In triangle CAQ and triangle APB:
angle CAQ = angle QAB (AQ bisects angle CAB)
angle ACQ = angle PBA (given)
angle CQA = angle APB (third angle in a triangle)
therefore, triangle CAQ is similar to triangle APB (equiangular)

let angle CQA = angle APB = z

therefore, angle QPB = angle PQB = 180 - z (angle sum of a straight line is 180)

therefore, triangle PQB is isosceles (equal base angles)
therefore, PB = QB

 

[FDownes]

Thanks guys, that really clears that up.

 

[tommykins]

回复: Re: Plane Geometry

< QPB = X + @ (exterior of triangle ABP)
< PQB = X + @ (exterior of triangle LAQ)
therefore BPQ is isosceles with PB=QB

Very well done.

 

[Aerath]

< QPB = X + @ (exterior of triangle ABP)
< PQB = X + @ (exterior of triangle LAQ)
therefore BPQ is isosceles with PB=QB

Woooow, that's like....genius. Nice work.

 

[FDownes]

Got another one for you. I'm having trouble with the second part of this question. I'm not sure if I should use the cosine rule or if there's a better method. It asks;

The triangle ABC is isosceles, with angle BCA = ABC = 72^o and sides AB = AC = 1 unit. BD Bisects angle ABC and BC = x.

a) Show that triangle ABC is similar to triangle DCB

b) By using part a), find the value of x, giving you answer in exact form.

 

[lyounamu]

Got another one for you. I'm having trouble with the second part of this question. I'm not sure if I should use the cosine rule or if there's a better method. It asks;

The triangle ABC is isosceles, with angle BCA = ABC = 72^o and sides AB = AC = 1 unit. BD Bisects angle ABC and BC = x.

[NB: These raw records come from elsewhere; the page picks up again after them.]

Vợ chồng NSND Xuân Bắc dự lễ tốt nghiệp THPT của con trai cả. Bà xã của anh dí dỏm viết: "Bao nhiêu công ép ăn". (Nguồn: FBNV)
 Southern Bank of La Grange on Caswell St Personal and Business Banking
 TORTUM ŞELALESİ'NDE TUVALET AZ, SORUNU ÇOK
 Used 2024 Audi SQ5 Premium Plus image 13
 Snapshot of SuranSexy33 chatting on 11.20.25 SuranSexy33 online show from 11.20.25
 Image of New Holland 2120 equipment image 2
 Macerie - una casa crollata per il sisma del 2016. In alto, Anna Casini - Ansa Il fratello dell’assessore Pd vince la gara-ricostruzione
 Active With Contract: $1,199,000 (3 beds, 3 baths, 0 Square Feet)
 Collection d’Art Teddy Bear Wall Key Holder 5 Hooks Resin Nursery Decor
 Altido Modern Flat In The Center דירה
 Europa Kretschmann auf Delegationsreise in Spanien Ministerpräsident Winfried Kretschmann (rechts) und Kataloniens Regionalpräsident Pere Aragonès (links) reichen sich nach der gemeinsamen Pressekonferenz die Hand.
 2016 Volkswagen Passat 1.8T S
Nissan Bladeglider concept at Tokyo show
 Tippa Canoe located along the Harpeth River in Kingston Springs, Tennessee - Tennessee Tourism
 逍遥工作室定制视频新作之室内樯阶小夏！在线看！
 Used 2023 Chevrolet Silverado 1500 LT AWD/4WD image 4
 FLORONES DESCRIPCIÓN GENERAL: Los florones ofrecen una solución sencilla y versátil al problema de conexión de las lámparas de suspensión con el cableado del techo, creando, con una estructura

a) Show that triangle ABC is similar to triangle DCB

b) By using part a), find the value of x, giving you answer in exact form.

x = sin36/sin72

Triangle BCD is an isoceles triangle because its base angles are same. Therefore, BC = BD.

In the triangle ABC, angle BAD is 36 degrees making the triangle ABD an isoceles triangle. Then you can find the angle ADB by using the rule "all angles in the triangle add up to 180 degrees".

Then use the sine rule: 1/sin72 = BD/sin36
BD = sin36/sin72.

But BD = x (side sides of an isoceles triangle are same)
so x = sin36/sin72

If you can solve the question in anyway, use the method that comes out of your head first. In that way, you will not waste time thinking about what to use.

 

[Aerath]

You can't use the cosine rule because the question explicitly states "by using part a", which involves similar triangles.

You do it by using ratio of corresponding sides, which is a property of similar triangles.
If BC = x, therefore BD = x as well (isos triangle), and similarly, AD = x (isos triangle ADB)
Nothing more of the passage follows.